Una realidad industrial en picada profunda
Cuando se lo consultó sobre las afirmaciones de algunos referentes locales de La Libertad Avanza, quienes sostienen que el Gobierno nacional apoya activamente la soberanía y la economía de Tierra del Fuego, el entrevistado fue categórico y disparó que esos dirigentes no tienen la más mínima idea de lo que pasa en el territorio. Afirmó, que ninguna medida adoptada por el actual presidente ha beneficiado a la provincia. Para respaldar su postura, describió la alarmante parálisis que atraviesa la isla, detallando que se cayeron de forma estrepitosa diversos sectores fabriles y que las fábricas más importantes están sufriendo suspensiones masivas de personal y despidos cotidianos.
La radiografía de la crisis regional sumó otros condimentos, cuando el referente sindical puntualizó que “el panorama es desolador y se extiende al ámbito de las empresas petroleras, donde la caída del empleo ya es una constante, impactando de igual manera en el sector comercial”. Rechazó de cuajo el argumento oficial que busca responsabilizar de los males actuales a las administraciones locales y provinciales. Manifestó que “es demasiado fácil venir a echarles la culpa a los gobernadores e intendentes, cuando la realidad demuestra que la debacle es responsabilidad exclusiva del presidente”, y advirtió que la situación social y económica general se percibe “cada vez peor” de cara al futuro cercano.
Permanencia en las calles y rechazo al modelo
Hacia el cierre de la entrevista, y al ser consultado sobre los pasos a seguir por parte de ATE frente a este escenario de ajuste y recesión, el secretario de Finanzas ratificó el “estado de alerta” general en el cual se encuentran. Confirmó que la militancia local sigue “a rajatabla los lineamientos planteados por el secretario General, Rodolfo Aguiar, a nivel nacional” y que no van a “retroceder ni un milímetro” en su postura combativa. Sostuvo que el objetivo central es “evitar que este proyecto político siga avanzando sobre los derechos conquistados y frenar cualquier intento de continuidad electoral en las próximas elecciones”.

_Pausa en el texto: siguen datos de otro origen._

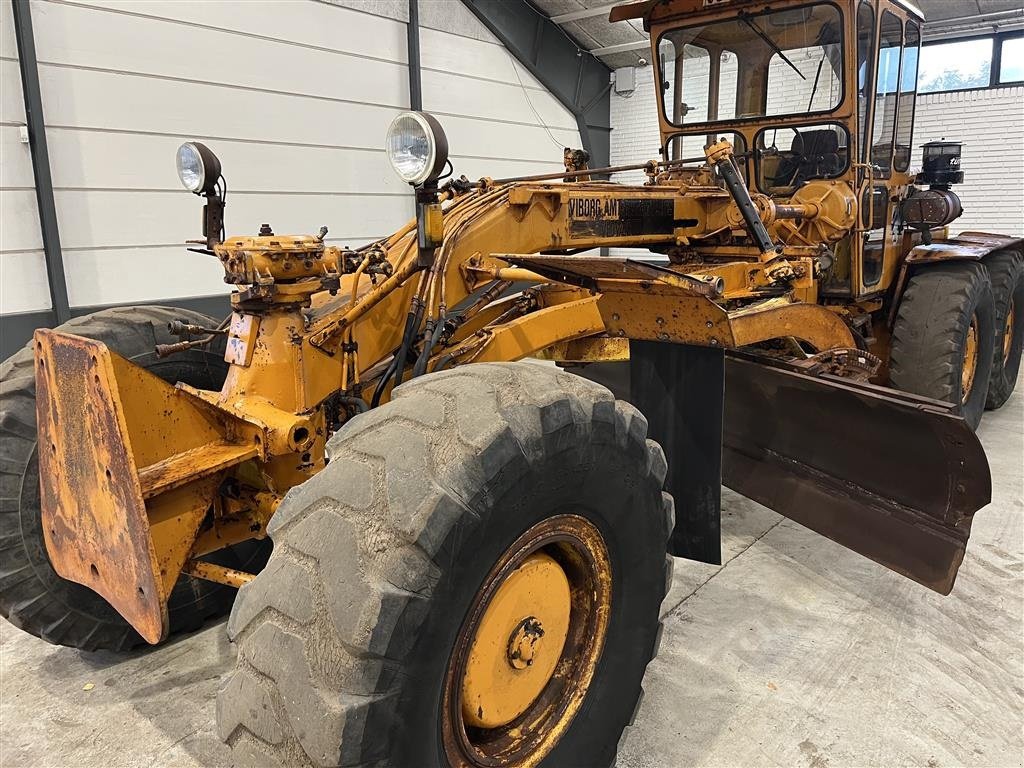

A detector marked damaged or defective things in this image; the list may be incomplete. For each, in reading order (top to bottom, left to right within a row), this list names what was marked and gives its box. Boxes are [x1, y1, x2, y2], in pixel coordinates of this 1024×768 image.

rusty metal surface [34, 330, 167, 640]
rusty moldboard blade [724, 352, 988, 596]
rusty metal surface [724, 352, 988, 596]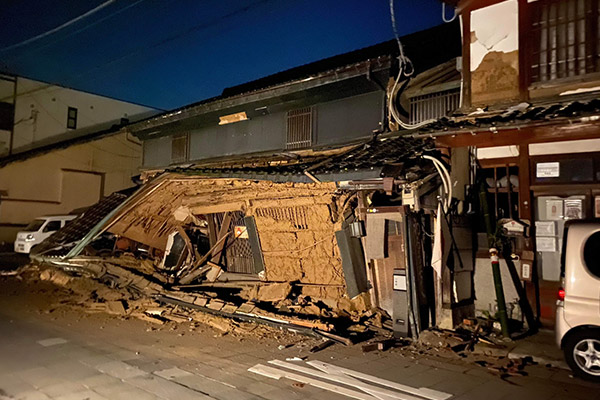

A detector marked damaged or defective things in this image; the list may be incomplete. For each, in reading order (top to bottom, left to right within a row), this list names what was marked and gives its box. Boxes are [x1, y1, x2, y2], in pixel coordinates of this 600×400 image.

shattered wooden door [213, 211, 255, 274]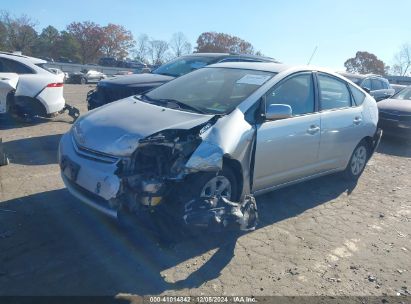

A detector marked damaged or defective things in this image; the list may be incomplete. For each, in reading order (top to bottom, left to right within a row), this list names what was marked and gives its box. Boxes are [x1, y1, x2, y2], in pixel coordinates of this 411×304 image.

shattered windshield [153, 55, 219, 77]
shattered windshield [143, 67, 276, 114]
crumpled hood [73, 97, 214, 157]
severe front-end damage [60, 101, 260, 232]
crushed fender [183, 196, 258, 232]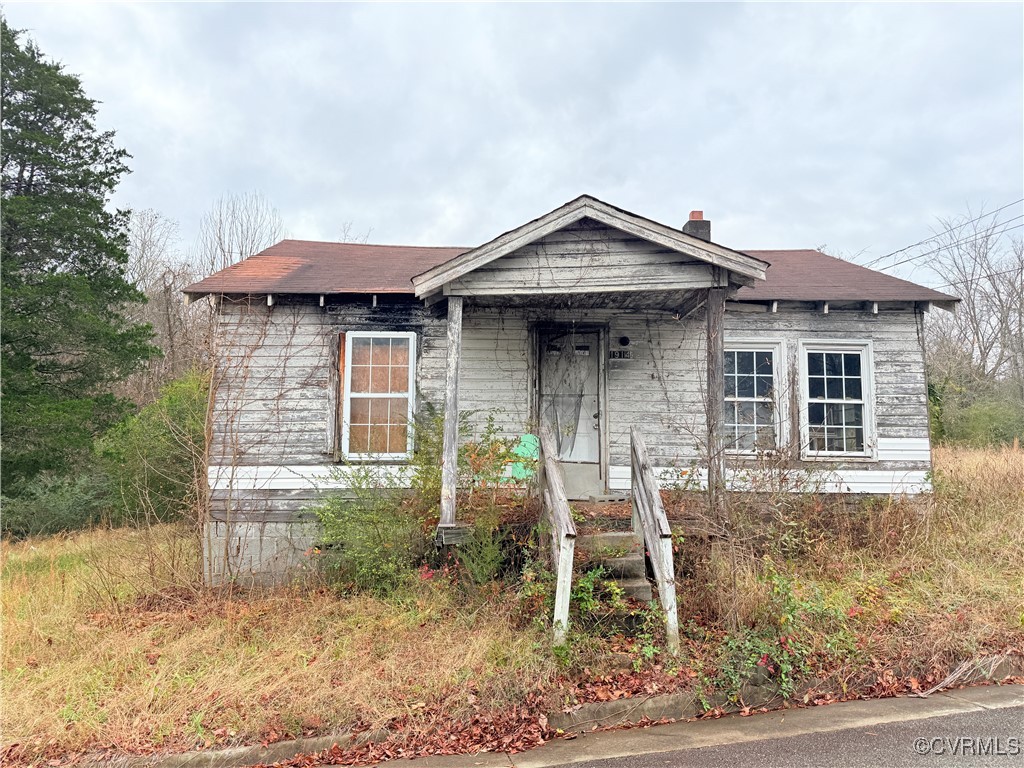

Margalot, terminó volviendo sobre el oficialismo a nivel nacional y remarcó con énfasis que “las promesas que ha hecho en su momento no se cumplieron, ninguna de las promesas económicas y políticas que han realizado”. Y anticipó que la única alternativa que les queda a los sectores populares es “la resistencia organizada”, por lo cual se mantendrán “sumamente atentos de acá hasta el año que viene, garantizando la movilización constante en las calles y apuntalando la conducción nacional del gremio, para asegurar que este modelo no vuelva a imponerse en las urnas”.